The revelation for me was when the guitars turned up and the solos began to stretch out. This was what I was still basking in a day later. I expected to take the noise to love the acoustic but actually it was songs I hadn’t taken enough time over for thirty years that really connected. Country Home, Mansion On The Hill and Love and Only Love from Ragged Glory were utterly glorious. Again it was the subtlety beneath the noise that sneaked through to my soul. the guitar trade offs were long for sure but the precision and beauty surprised me. Some of this elongated crescendo finishes were somehow gentle and powerful all at once. I don’t think i ever heard anything quite like it!

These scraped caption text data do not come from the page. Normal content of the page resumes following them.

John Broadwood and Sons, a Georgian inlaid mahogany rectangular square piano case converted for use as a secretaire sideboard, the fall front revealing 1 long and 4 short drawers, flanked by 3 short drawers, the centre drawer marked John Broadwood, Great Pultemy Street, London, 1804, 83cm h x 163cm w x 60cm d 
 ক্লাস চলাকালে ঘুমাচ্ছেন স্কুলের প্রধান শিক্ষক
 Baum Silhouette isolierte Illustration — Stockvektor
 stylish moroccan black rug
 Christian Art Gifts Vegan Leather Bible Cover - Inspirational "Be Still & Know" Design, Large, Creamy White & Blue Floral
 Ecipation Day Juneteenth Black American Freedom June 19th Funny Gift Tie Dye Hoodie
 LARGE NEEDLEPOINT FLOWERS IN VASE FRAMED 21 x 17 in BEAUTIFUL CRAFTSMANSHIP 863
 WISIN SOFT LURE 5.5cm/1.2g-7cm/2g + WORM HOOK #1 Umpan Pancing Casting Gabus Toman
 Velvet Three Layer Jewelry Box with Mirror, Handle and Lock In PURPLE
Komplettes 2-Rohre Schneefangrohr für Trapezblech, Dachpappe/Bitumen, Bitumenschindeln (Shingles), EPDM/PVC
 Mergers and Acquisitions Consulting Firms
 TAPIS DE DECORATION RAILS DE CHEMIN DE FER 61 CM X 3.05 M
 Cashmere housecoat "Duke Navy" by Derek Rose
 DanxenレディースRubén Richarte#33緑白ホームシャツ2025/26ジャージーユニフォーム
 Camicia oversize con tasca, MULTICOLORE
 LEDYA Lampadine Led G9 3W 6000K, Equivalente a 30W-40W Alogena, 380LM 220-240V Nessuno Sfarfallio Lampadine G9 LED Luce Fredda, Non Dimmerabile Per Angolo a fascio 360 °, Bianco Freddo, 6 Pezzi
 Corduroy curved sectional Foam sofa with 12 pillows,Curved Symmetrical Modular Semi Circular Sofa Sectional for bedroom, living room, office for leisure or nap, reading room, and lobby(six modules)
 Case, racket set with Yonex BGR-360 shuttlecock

So the fear about the set list? There should have been no fear. Indeed I wonder if this was as good a Neil Young gig as there had been in a while. He did three full hours and from checking through set lists it looks about 25 minutes and a few songs longer than anything else he has done recently. We got Down By The River and Vampire Blues, even Buffalo Springfield’s Mr Soul. Yes, it might have been 70s heavy in song choice but no one was complaining. It was well loved songs without the obvious hits.
If you had told me that I would come away from a Neil Young gig and play Weld on the school run the next morning I’d have laughed. So laughing I am. It was so much better than a bucket list tick and so much better than I ever imagined. It was utterly sublime. It was Neil Young and The Promise of the Real. The promise was fulfilled!